**Aim of the exercise:**
Print exactly the lines below between the line holding "J.Crew Black Wool City Coat size 0" and the line holding "blue flowers on a beige background", inclusive, and nothing more.

**Provided data:**
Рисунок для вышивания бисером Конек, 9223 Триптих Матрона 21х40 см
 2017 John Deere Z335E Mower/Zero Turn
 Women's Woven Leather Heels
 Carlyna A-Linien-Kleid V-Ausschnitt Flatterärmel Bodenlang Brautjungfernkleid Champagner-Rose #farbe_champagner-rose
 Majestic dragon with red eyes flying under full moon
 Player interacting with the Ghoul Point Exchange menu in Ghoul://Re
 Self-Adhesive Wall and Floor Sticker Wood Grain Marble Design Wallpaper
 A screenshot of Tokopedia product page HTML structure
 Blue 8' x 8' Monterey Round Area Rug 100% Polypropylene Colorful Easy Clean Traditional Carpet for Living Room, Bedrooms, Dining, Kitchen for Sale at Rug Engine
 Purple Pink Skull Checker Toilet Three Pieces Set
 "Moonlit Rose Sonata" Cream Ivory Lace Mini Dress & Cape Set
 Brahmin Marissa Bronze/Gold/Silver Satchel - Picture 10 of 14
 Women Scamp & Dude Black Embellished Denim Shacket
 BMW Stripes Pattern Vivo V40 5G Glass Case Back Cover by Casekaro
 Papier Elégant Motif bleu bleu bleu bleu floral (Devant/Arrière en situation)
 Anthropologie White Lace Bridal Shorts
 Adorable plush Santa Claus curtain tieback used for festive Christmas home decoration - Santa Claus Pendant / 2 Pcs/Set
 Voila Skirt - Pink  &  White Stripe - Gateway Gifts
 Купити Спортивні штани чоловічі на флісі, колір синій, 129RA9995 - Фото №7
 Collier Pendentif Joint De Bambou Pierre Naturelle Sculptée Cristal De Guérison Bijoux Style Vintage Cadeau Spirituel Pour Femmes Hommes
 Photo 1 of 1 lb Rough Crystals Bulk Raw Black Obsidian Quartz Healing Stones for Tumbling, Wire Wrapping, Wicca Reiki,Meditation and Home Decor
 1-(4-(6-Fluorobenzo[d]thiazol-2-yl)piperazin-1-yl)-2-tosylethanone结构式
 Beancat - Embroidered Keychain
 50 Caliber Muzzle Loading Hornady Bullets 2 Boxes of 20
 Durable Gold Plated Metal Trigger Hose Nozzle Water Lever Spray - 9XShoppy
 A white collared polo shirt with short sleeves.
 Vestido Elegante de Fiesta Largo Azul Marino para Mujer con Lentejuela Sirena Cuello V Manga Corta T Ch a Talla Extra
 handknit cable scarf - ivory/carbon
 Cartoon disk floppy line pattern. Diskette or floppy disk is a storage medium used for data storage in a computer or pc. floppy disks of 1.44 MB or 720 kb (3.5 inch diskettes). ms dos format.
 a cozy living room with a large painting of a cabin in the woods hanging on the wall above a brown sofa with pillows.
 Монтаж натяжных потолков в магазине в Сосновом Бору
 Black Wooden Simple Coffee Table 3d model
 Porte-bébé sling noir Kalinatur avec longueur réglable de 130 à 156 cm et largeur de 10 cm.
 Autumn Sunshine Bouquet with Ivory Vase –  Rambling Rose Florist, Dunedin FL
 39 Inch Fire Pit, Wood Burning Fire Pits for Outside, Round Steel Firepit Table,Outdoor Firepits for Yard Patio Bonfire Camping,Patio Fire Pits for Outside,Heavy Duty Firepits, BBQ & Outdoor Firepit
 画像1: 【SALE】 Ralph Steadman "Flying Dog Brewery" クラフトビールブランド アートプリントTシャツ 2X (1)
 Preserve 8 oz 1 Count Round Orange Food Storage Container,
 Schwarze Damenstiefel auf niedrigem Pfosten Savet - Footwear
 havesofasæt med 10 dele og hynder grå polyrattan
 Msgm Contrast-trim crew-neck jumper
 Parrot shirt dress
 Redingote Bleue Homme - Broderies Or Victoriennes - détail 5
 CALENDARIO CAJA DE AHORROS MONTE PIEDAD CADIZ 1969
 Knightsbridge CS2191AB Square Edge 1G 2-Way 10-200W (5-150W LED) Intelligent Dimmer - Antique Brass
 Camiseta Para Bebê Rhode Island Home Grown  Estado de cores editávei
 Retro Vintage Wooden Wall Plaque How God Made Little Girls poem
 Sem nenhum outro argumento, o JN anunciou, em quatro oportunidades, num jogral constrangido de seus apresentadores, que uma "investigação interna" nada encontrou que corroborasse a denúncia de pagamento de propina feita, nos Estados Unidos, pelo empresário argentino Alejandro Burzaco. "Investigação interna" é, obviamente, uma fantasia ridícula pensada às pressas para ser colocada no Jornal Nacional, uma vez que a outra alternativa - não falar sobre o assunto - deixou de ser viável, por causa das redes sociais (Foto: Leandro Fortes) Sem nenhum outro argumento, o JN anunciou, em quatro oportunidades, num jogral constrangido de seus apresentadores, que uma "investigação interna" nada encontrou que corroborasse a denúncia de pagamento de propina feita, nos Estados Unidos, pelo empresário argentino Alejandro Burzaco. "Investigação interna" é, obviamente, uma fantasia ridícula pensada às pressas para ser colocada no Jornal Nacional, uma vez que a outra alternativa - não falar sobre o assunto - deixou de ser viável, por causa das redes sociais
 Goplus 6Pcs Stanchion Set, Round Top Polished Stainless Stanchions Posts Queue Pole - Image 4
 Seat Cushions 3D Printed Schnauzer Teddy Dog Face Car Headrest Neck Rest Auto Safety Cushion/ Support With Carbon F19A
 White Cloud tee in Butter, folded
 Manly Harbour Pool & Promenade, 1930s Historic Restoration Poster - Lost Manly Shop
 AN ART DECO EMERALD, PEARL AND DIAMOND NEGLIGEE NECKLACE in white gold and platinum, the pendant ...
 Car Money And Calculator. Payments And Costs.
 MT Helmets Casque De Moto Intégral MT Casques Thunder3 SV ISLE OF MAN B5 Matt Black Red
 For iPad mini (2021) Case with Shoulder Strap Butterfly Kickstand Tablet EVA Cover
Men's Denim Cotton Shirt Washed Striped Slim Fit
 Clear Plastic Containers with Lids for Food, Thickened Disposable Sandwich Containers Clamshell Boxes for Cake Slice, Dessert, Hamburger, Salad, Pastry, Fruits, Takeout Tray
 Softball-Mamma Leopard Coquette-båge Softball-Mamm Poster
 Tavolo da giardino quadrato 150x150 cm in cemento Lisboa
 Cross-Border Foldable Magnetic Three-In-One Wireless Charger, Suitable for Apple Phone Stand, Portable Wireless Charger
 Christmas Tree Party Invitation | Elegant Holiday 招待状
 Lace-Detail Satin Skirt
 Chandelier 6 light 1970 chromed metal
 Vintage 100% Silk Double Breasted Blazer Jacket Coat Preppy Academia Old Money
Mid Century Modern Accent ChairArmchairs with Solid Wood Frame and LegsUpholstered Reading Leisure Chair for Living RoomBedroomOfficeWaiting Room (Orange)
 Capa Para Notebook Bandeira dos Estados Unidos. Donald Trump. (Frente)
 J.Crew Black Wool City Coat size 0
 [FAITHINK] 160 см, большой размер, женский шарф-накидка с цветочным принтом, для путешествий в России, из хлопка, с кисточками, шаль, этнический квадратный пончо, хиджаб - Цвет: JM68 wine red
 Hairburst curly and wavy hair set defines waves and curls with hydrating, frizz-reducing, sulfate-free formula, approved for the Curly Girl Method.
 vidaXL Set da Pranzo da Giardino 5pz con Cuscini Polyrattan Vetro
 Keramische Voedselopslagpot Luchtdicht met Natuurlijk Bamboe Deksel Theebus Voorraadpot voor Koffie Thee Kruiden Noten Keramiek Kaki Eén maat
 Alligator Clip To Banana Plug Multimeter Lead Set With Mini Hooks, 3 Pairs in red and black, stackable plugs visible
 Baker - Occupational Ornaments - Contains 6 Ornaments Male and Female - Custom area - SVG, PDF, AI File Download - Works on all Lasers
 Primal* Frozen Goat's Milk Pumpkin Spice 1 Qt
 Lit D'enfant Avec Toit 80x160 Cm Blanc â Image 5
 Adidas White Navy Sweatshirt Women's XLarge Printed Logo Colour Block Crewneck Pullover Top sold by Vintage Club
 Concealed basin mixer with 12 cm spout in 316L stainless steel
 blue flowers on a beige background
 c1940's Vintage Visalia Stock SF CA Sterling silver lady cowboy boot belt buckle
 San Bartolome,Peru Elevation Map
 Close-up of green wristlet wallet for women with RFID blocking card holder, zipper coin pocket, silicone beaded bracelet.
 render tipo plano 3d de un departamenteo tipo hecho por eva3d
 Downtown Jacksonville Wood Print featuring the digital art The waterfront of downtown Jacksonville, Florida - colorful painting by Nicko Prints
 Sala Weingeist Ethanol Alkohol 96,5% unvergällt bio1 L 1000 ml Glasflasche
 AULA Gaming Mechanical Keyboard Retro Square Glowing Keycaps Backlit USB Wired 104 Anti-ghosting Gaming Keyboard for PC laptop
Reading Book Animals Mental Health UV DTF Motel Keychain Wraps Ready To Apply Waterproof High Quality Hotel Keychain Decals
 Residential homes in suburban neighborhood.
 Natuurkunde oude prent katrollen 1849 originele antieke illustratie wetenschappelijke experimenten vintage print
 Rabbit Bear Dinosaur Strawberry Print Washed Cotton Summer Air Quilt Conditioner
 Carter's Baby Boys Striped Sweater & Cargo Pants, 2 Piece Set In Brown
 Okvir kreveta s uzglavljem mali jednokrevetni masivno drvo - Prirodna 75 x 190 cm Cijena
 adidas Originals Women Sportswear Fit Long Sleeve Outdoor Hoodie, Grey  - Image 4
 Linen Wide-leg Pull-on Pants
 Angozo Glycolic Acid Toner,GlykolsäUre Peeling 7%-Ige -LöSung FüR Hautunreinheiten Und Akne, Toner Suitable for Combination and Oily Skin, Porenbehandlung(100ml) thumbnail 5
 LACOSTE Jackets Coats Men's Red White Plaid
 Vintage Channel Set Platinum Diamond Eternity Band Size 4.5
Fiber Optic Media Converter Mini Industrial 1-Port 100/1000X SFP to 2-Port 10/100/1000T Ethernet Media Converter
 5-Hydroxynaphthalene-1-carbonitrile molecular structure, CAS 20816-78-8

**Written answer:**
 J.Crew Black Wool City Coat size 0
 [FAITHINK] 160 см, большой размер, женский шарф-накидка с цветочным принтом, для путешествий в России, из хлопка, с кисточками, шаль, этнический квадратный пончо, хиджаб - Цвет: JM68 wine red
 Hairburst curly and wavy hair set defines waves and curls with hydrating, frizz-reducing, sulfate-free formula, approved for the Curly Girl Method.
 vidaXL Set da Pranzo da Giardino 5pz con Cuscini Polyrattan Vetro
 Keramische Voedselopslagpot Luchtdicht met Natuurlijk Bamboe Deksel Theebus Voorraadpot voor Koffie Thee Kruiden Noten Keramiek Kaki Eén maat
 Alligator Clip To Banana Plug Multimeter Lead Set With Mini Hooks, 3 Pairs in red and black, stackable plugs visible
 Baker - Occupational Ornaments - Contains 6 Ornaments Male and Female - Custom area - SVG, PDF, AI File Download - Works on all Lasers
 Primal* Frozen Goat's Milk Pumpkin Spice 1 Qt
 Lit D'enfant Avec Toit 80x160 Cm Blanc â Image 5
 Adidas White Navy Sweatshirt Women's XLarge Printed Logo Colour Block Crewneck Pullover Top sold by Vintage Club
 Concealed basin mixer with 12 cm spout in 316L stainless steel
 blue flowers on a beige background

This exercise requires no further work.